I was looking for the maximum of the function $f(x) = \left(x - 1 \right) \log\frac{c - x}{x - 1}$ for $\{x,c\} \in\mathbb{R}^+$, $x\not=1$ (obviously) and $x \le c-1$. The normal way to find such maxima is to find the zero(s) of the first derivative, here $f'(x) = \frac{c - 1}{x - c} + \log \frac{c - x}{x - 1}$. So far, so good(?).
What I tried myself: Part the logarithm from the rest and and exponentiate (with $e = \exp(1)$) $$ \frac{c-x}{x-1} = e^{-\frac{c-1}{x-c}}$$ That's messy, so substitute $$u = -\frac{c-1}{x-c}$$ and $$v = \frac{\left(c - x\right)^2}{\left(c - 1\right) \left(x - 1\right)} $$ to get $$ \frac{u}{e^u} = \frac{1}{v} $$ That gives $$u = -\mathrm{W}\left(-\frac{1}{v}\right)$$ ($\mathrm{W}$ is Lambert's W-function) with the attached condition $v \not= 0$ which is further restricted to $e \le v $ to get a real solution.

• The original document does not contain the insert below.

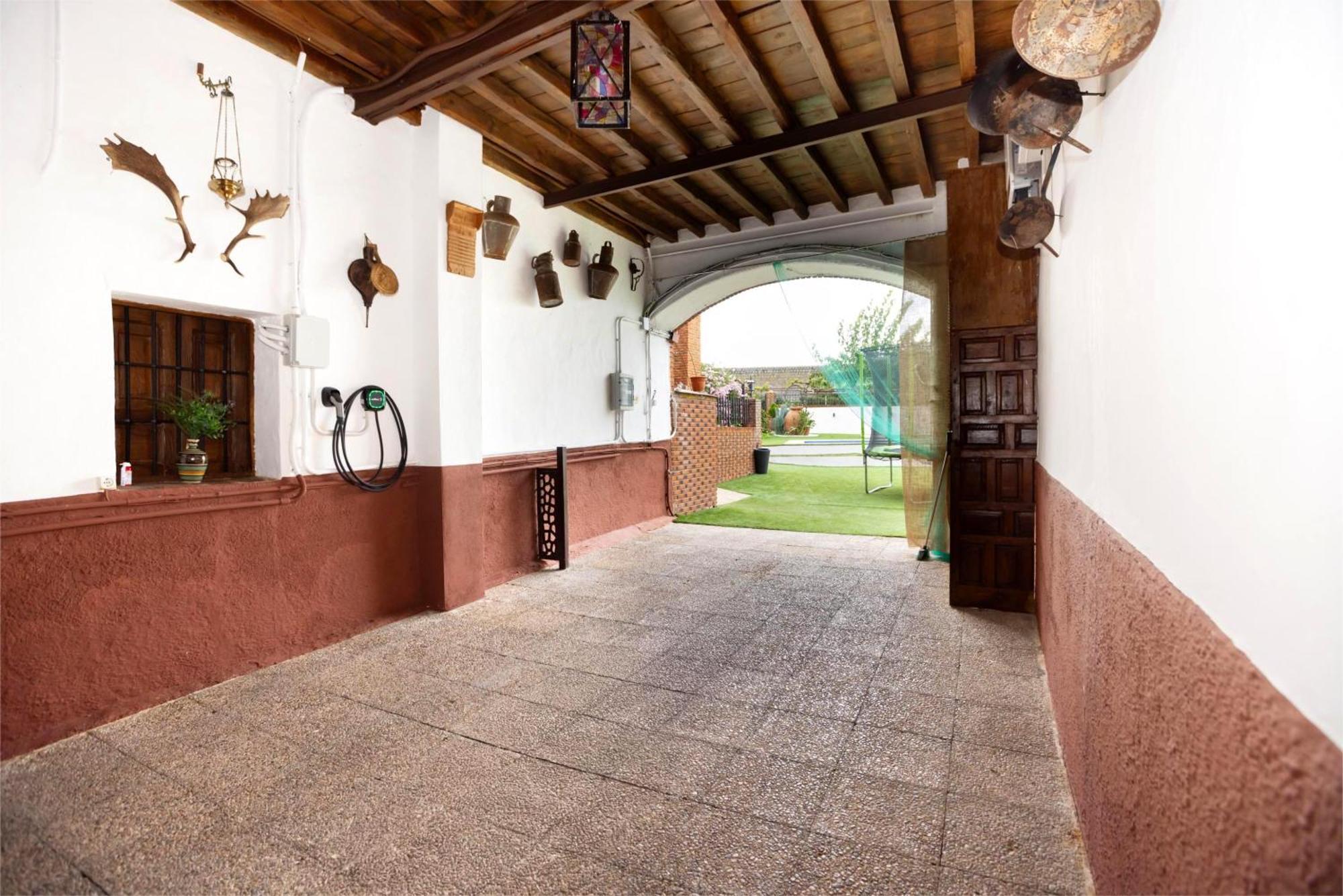 Teralba 1 Casa Rural Calzada de Oropesa Exterior foto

But $v$ does not hold the stricter condition $e \le v $ which gives me the faint idea that I must have made something wrong somewhere, somehow, probably right in the beginning.
I don't even know if an analytic solution exists.
Let $y=\frac{c-x}{x-1}$. Then, $x=\frac{y+c}{y+1}$ and $\frac{c-1}{x-c}=-\left(\frac{y+1}{y}\right)$. Therefore, we can write $\frac{c-1}{x-c}+\log\left(\frac{c-x}{x-1}\right)=0$ in terms of $y$ as
$$\log y=1+\frac1y \tag 1$$
From $(1)$, it is easy to show that
$$\frac1e=\frac1y e^{1/y} \tag 2$$
Inasmuch as the definition of the Lambert W Function is defined by the equation $z=W(z)e^{W(z)}$, solution to $(2)$ is given by
$$\begin{align} y&=W^{-1}\left(\frac1e\right) \tag 3\\\\ &\approx 3.59111829181573 \end{align}$$
where the notation $W^{-1}(z)$ denoted the reciprocal of $W(z)$. Solving $(3)$ for $x$ yields
$$\bbox[5px,border:2px solid #C0A000]{x=\frac{1+cW\left(\frac1e\right)}{1+W\left(\frac1e\right)}}$$